_Task statement_.
The exact lines from the start of the material below through the line holding "Women's High-Waist Fleece-Lined" are the answer; return those, pictures excluded.

_Record excerpts_.
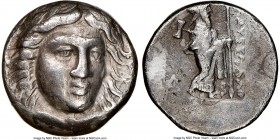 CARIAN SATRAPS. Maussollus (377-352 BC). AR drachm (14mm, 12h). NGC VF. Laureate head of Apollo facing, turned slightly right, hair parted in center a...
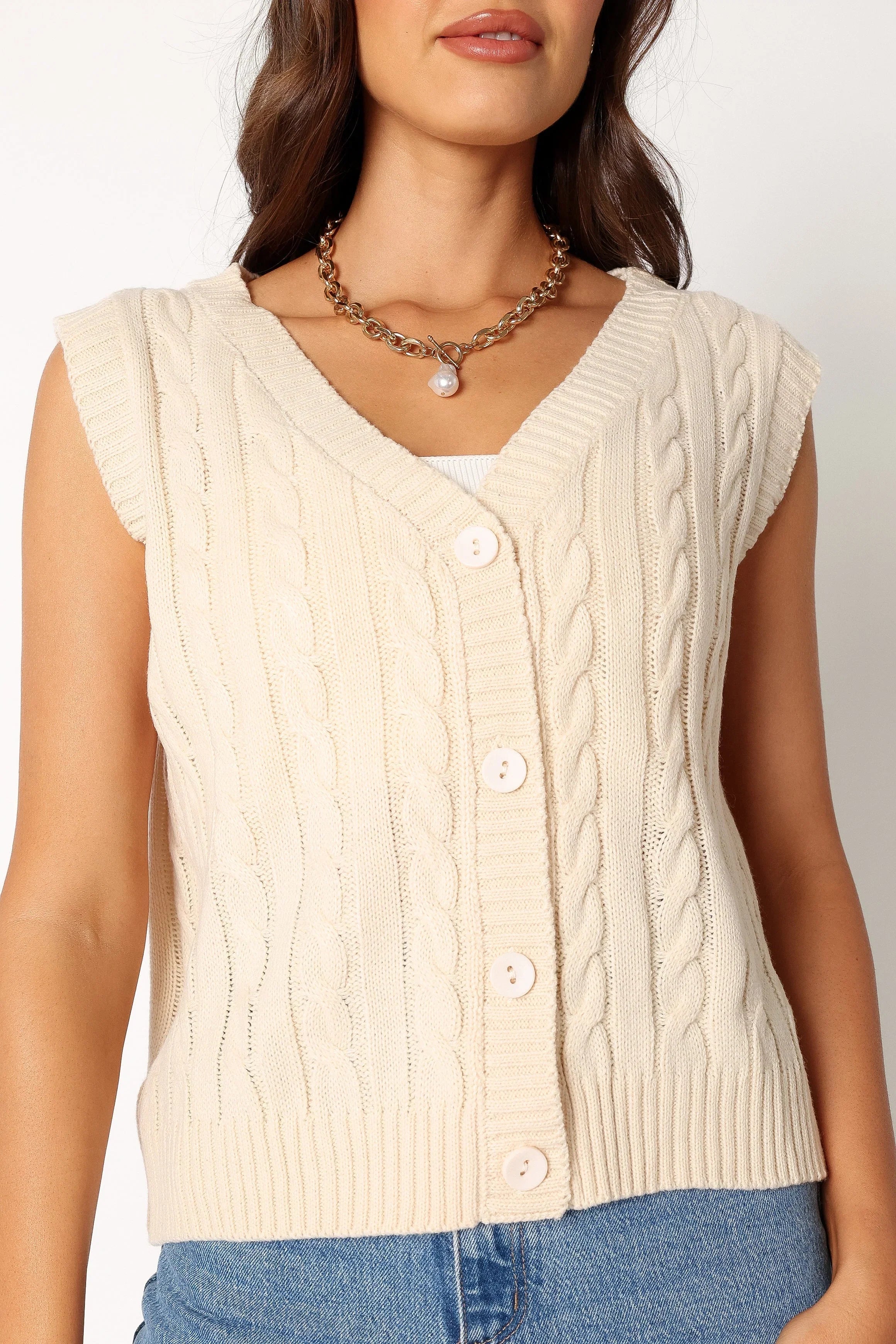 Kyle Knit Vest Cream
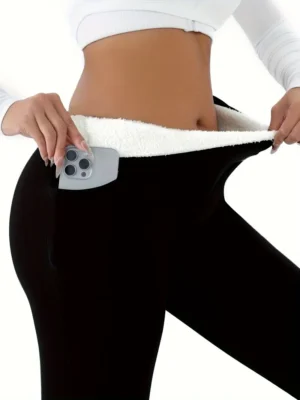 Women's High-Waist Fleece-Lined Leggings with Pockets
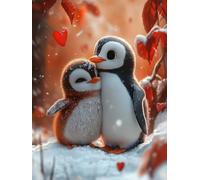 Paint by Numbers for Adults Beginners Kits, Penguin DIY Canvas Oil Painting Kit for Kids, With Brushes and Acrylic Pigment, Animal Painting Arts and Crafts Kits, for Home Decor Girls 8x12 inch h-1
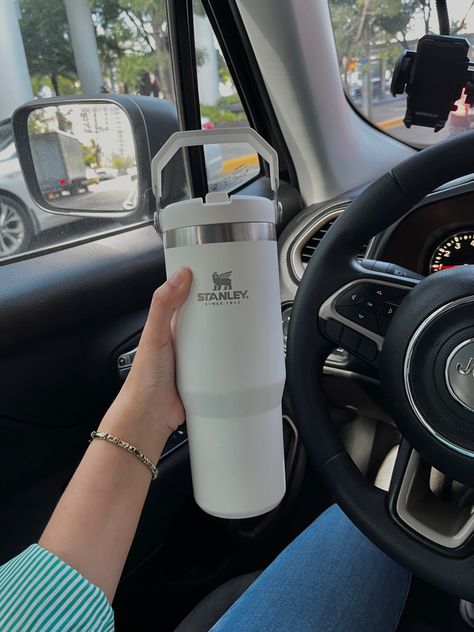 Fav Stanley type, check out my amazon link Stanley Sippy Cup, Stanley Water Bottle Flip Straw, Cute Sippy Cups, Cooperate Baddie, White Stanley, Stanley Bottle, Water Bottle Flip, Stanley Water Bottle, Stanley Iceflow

_Reply to the exercise_.
 CARIAN SATRAPS. Maussollus (377-352 BC). AR drachm (14mm, 12h). NGC VF. Laureate head of Apollo facing, turned slightly right, hair parted in center a...
 Kyle Knit Vest Cream
 Women's High-Waist Fleece-Lined Leggings with Pockets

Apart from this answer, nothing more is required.